Segundo fontes próximas ao ex-mandatário, Trump acompanhava de perto os relatórios de inteligência sobre os ataques aéreos e movimentações militares na região. O retorno antecipado permitiria que ele participasse de reuniões de emergência com conselheiros de segurança nacional e aliados no Congresso.

O conflito entre Israel e Irã tem gerado forte repercussão internacional, com potências como Estados Unidos, Rússia e países europeus tentando mediar uma desescalada.
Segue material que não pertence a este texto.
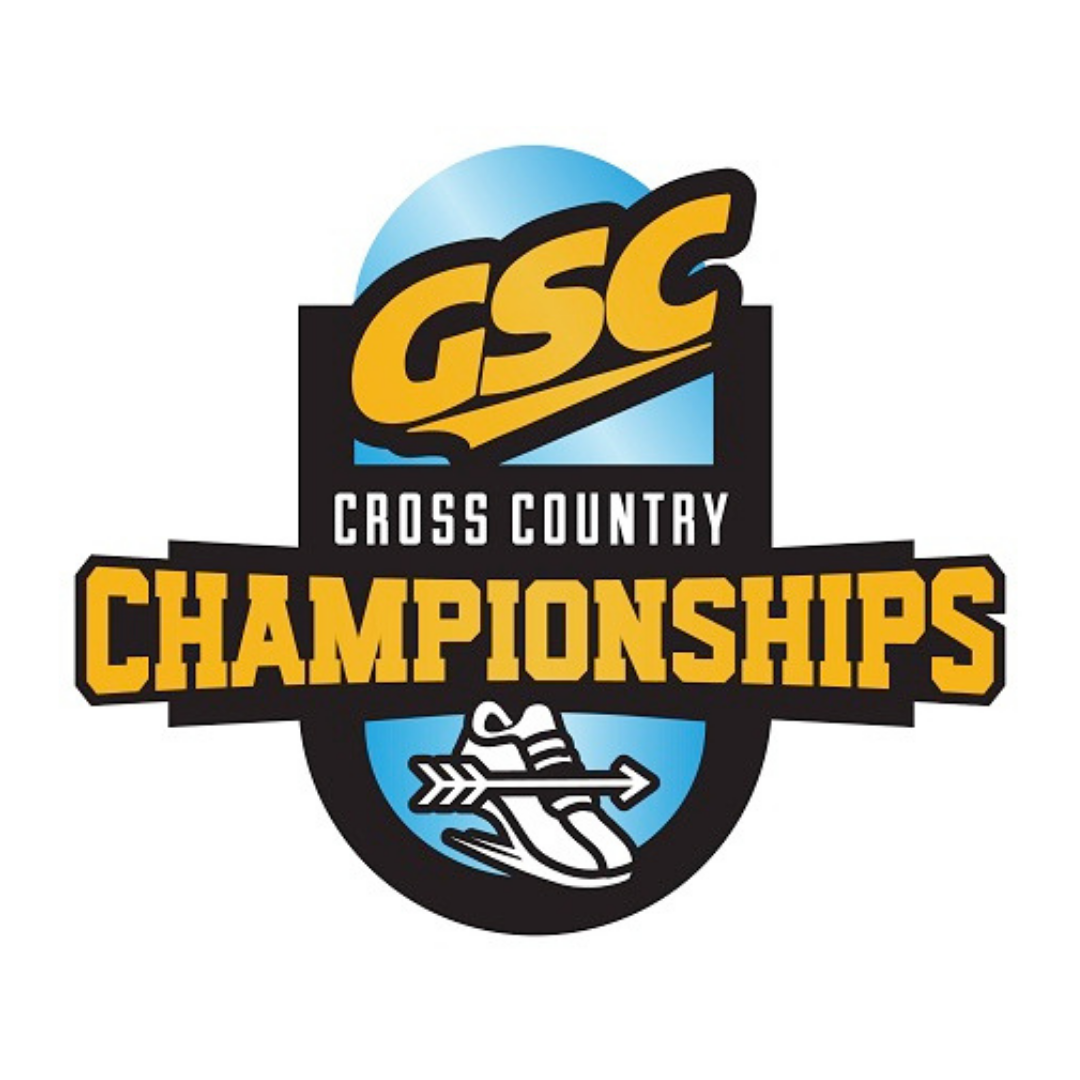 GSC Cross Country Championship Huntsville Sports Commission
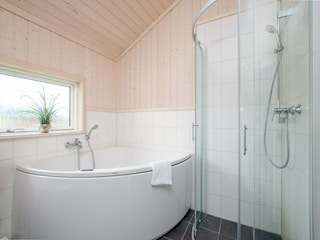 Apartment Großenbrode Ausstattung 20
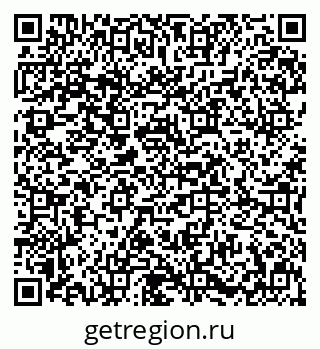79631618301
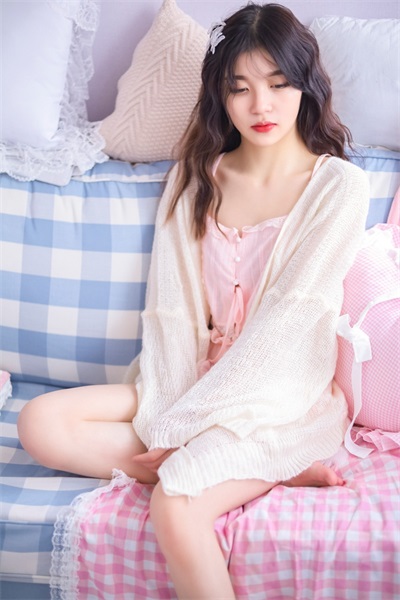 香蕉榴莲秋葵绿巨人草莓樱花最新版截图1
A saída precoce de Trump do G7 reflete a gravidade do momento e sinaliza que a crise no Oriente Médio pode exigir ações imediatas da comunidade internacional.

Para analistas, a medida também tem implicações políticas internas, já que Trump enfrenta pressões de diferentes setores sobre sua postura em relação ao Irã. Enquanto setores mais conservadores defendem apoio irrestrito a Israel, alas isolationistas questionam o envolvimento americano em mais um conflito no exterior.